I can't tell easily about the distribution of data points looking at
histograms, since I am calling boxplot as in following notation:
In [32]: d[2][8:]
Out[32]: array([98.2507, 99.6293, 100.0359, 100.1859, 100.4691])
Here the elements of my array are 5th, 25, 50, 75, 95th percentile of the
original data array, where these are created with a simple calculation
before boxplot command is called.
For example when I do, boxplot([5,25,50,75,95]) I get the desired effect
exactly. For some reason in my case 2 out of 12 boxplot has fliers instead
of whiskers to be drawn.
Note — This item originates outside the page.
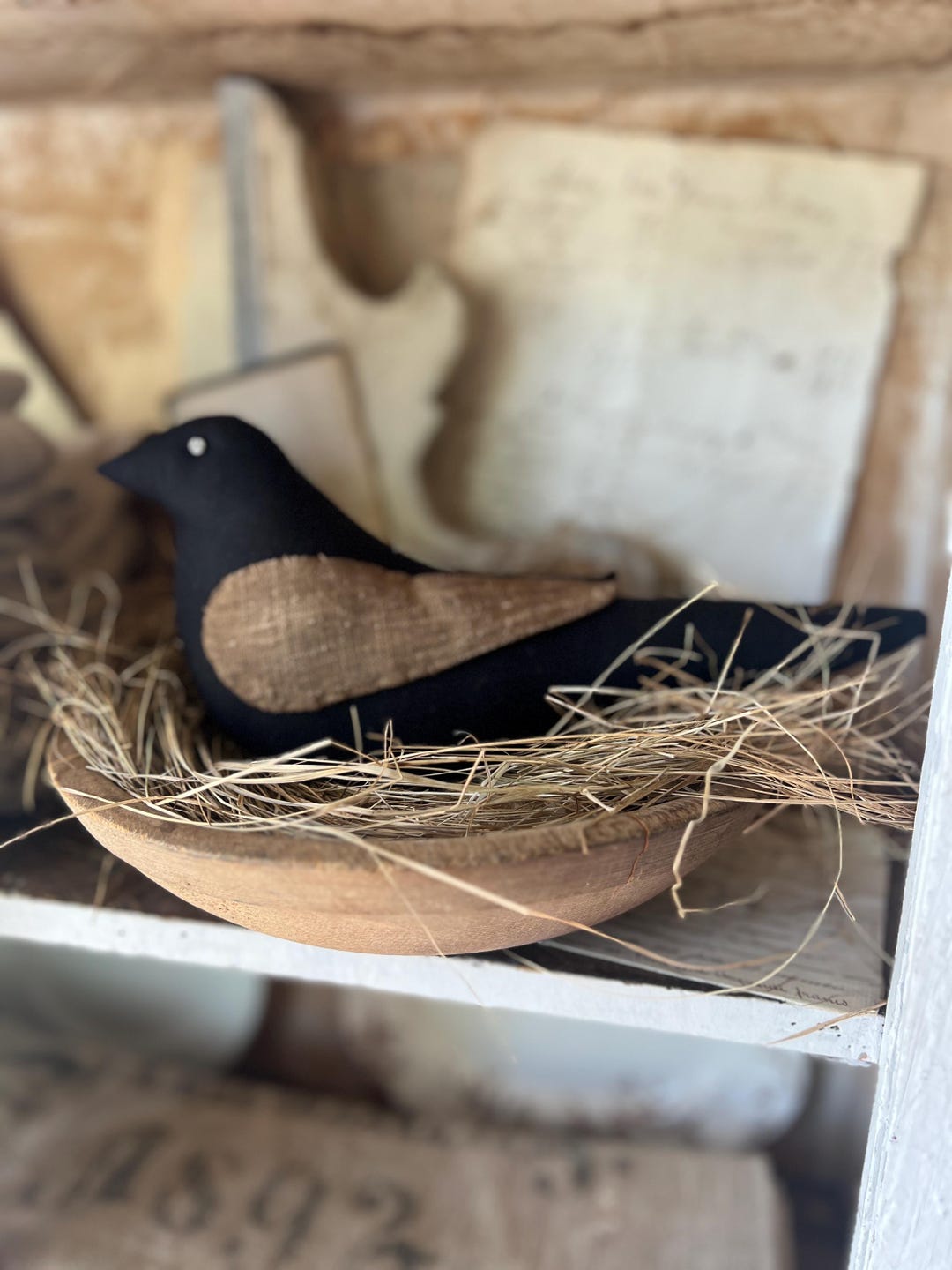Large Primitive Crow folk Art Bird Hand Stitched Wings Primitive large-primitive-crow-folk-art-bird-hand-stitched-wings-primitive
Might this be related to rounding off these
numbers?
Thanks.
Gökhan
On Tue, May 12, 2009 at 5:32 PM, Stephen George
<steve_...@optusnet.com.au>wrote:
>
> Why don't you perform a histogram on the data that produced that boxplot,
> .. seeing the shape of that histogram may answer your own question. Is it
> skewed or normal distribution?
>
> Gökhan SEVER wrote:
>
>> Hello,
>>
>> I construct my boxplots (shown in this figure:
>> http://img204.imageshack.us/img204/7518/boxplot2.png) using 5th, 25th,
>> 50th, 75th, 95th percent of my data explicitly. For some reason on boxplot 3
>> and 5 on the figure I get fliers instead of whiskers on the lower parts.
>>
>> Do you have any idea what could be the reason for this behaviour?